Burnham was hesitant to speculate on whether the screening might lead to

more events like it at the Port.

"I wouldn't say that it's going to be the beginning," Burnham said. "This

just happened to be a circumstance where all the circumstances were

right."

The theater closed last August after the Landmark Theatre Corp. decided

not to renew its lease on the space.

At some point in the future, Burnham said, he hopes to use the space in a

way that will "integrate a theater into the overall scheme," but his

specific plans are undecided.

"Since its closure, it's been in constant discussion with a number of

different situations," Burnham said.

"The Experience," the first movie O'Neill has produced in five years,

features some of O'Neill's most famous surfers, including Shane Beschen,

Cory Lopez, Rochelle Ballard and Laguna Beach surf/skate crossover guru

Bill Bryan.

The large-scale premiere is unusual in the surf movie business, where

many films are released directly to video.

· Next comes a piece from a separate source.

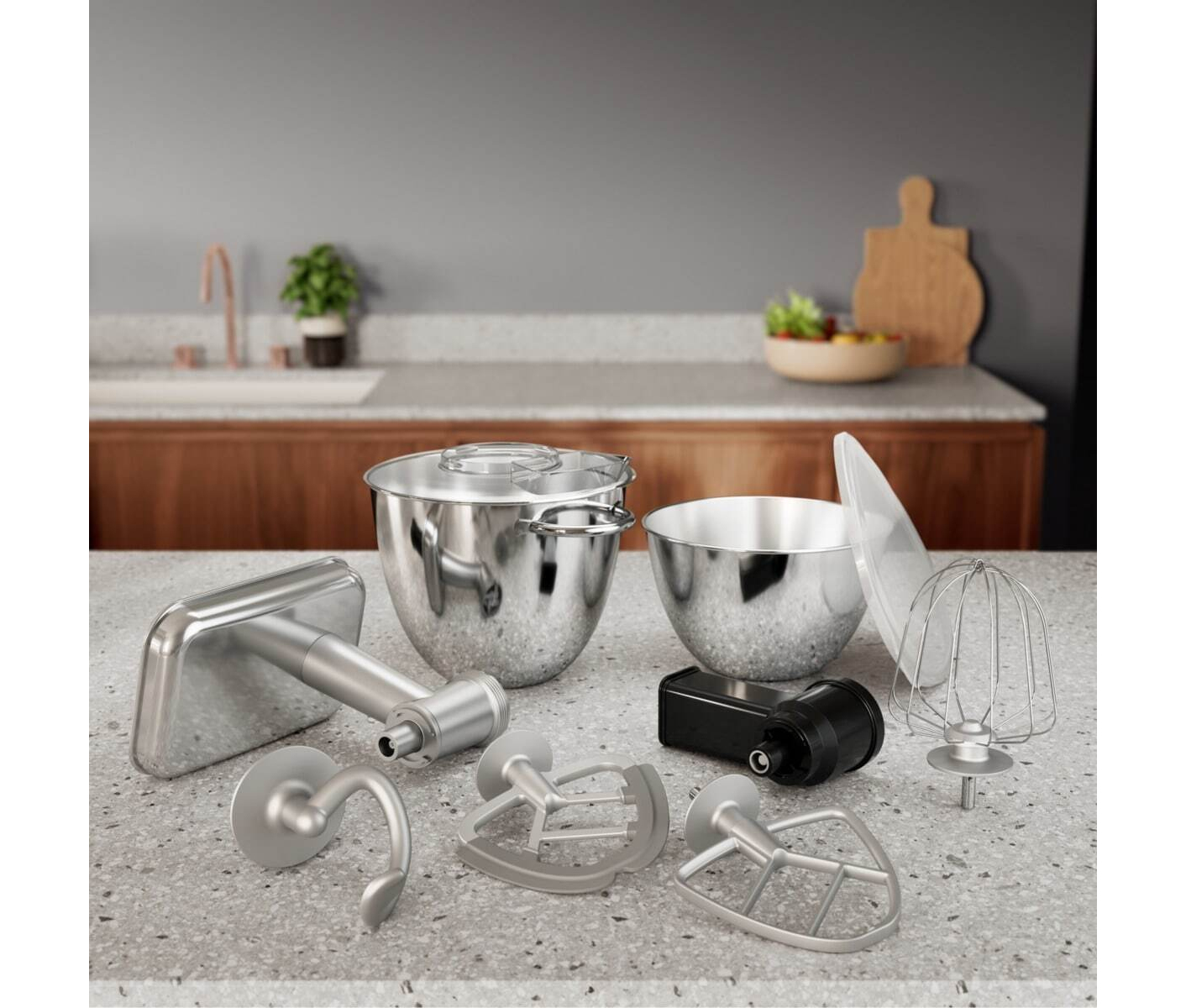 Electrolux E6KM1-8BPT Køkkenma Skine Røremaskine billede 6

Joey Santley, spokesman for O'Neill, explained that the company hoped the

big-screen experience of the theatrical premiere would give the film the

punch usually lacking from the straight-to-video experience.

"We want people to get a big impact," he said.

The Port, in particular, seemed to be a good choice for the debut because

it was the site of many screenings in the old days of surf movies.

"I saw [the classic '70s surf film] 'Five Summer Stories' there," Santley

said. "To me, the cultural and historical aspect of that theater are

rad."

Santley said he hoped the premiere would recreate some of the manic

enthusiasm that once attended surf movie screenings.

"I can't wait to see 13-year-old kids breaking in the back doors and

stuff," Santley said. "Twenty years ago, I was that kid."